Rebecca Gill Followill - Senior MD & Head of Research
First, thanks for this level of detail. I know how difficult this is to put together, and it's really very helpful.
Second, on the CO2 business, there is huge uncertainty. We don't know how prices are going to shake out. You guys are pretty heavily hedged for this year but not as much for next year. Can you talk about what shut-ins would mean for that business in terms of how durable is the field if you do shut it in? Would it take additional capital to bring it back? Can you just curtail it back and then bring it up to kind of ease things? Or just kind of bigger picture on CO2.
Steven J. Kean - CEO & Director
Sure.

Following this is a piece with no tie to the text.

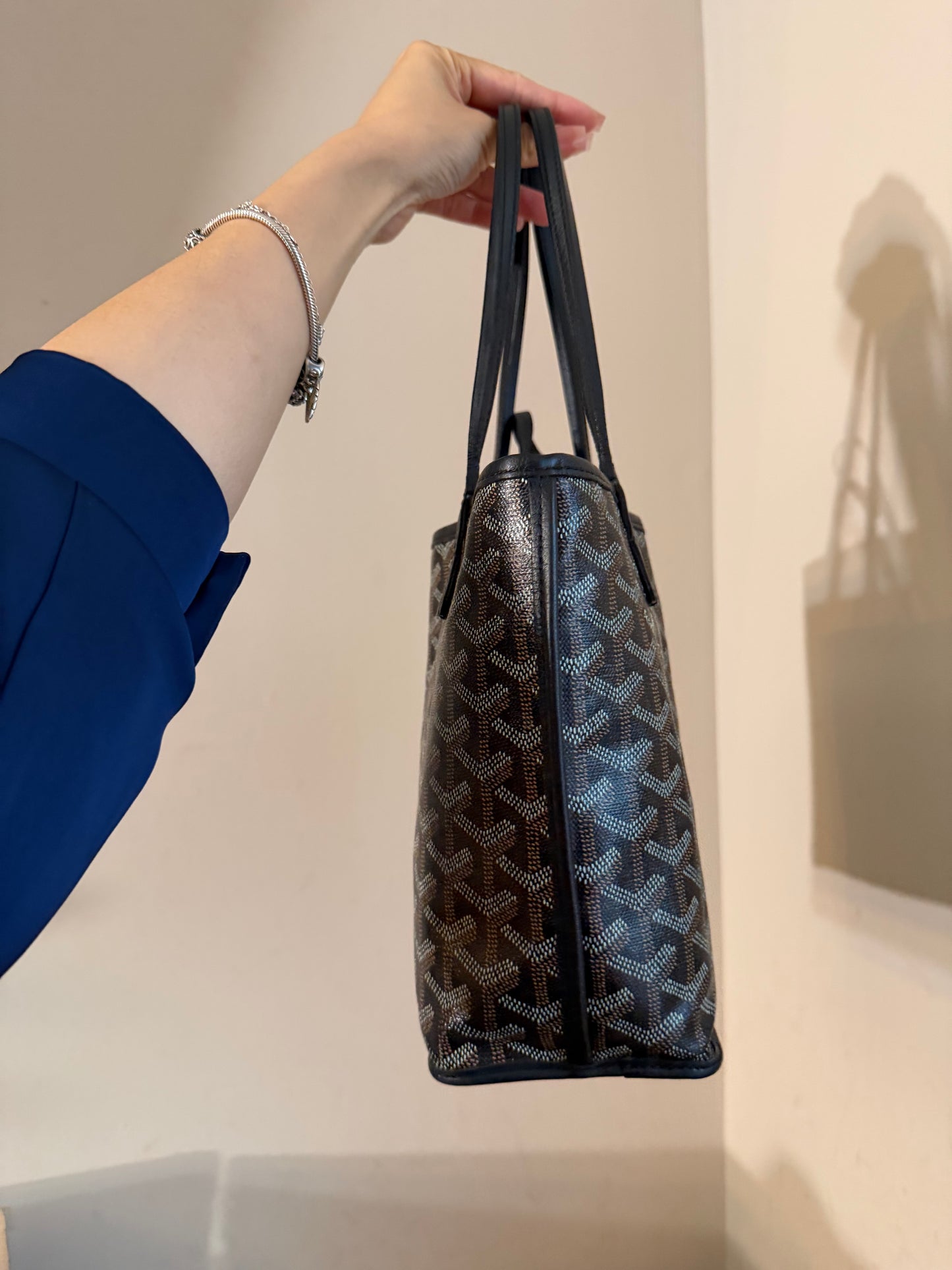 Goyard Mini Anjou Black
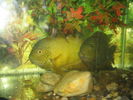 Filename : a_severum1.JPG
Filesize : 82KB
Dimensions : 468x351
Date added : Nov 14, 2008 a_severum1.JPG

And I'll ask Jesse to supplement this, but we're not talking about shutting in fields. There may be some turn down here and there depending on the price signals we're seeing in the cash market, as we talked about earlier.
But for example, in our 3 smaller fields, we're looking at, instead of introducing new CO2 into those fields, just recapturing the CO2 that comes out with our oil production and recycling it in those fields. So it's not about shutting it down. It's more about dialing it back and under the current market environment, not introducing new CO2 into it.
But Jesse, why don't you comment further on that?
Jesse Arenivas - VP & President of CO2
That's a good summary there, Steve. But I think where we are, Becca, is we're obviously high grading the production in each field and optimizing the highest cost production, highest gas-to-oil ratio, so we've taken steps to curtail that production. Each field is different, different reservoirs, different wellbore diagrams. So where you have pumps, there's obviously some risk that you have to pull those if you restart.
But from a material perspective, we think that most of the production will come back with very little capital required. You will have some instances where you have to work over a well or restimulate to get it going. But right now, we're just high grading production and getting the most profitable barrels to market.
Rebecca Gill Followill - Senior MD & Head of Research
And then what basis differential are you guys assuming for the rest of the year?
Steven J. Kean - CEO & Director
Jesse, you want to answer that as well? Are you talking about Mid-Cush?
Jesse Arenivas - VP & President of CO2
Yes.
Steven J. Kean - CEO & Director
Go ahead, Jesse. We hedge that...
Jesse Arenivas - VP & President of CO2
Yes, with respect to Mid-Cush, we are virtually 100% hedged there at a positive $0.14. So we've taken that risk off the table.
Operator
Thank you, and there are no other questions at this time.
Richard D. Kinder - Executive Chairman of the Board
Thank you very much, and have a good evening. Stay safe, and stay healthy. Thank you.
Operator
This does conclude today's conference call. Thank you for participating, and you may disconnect at this time.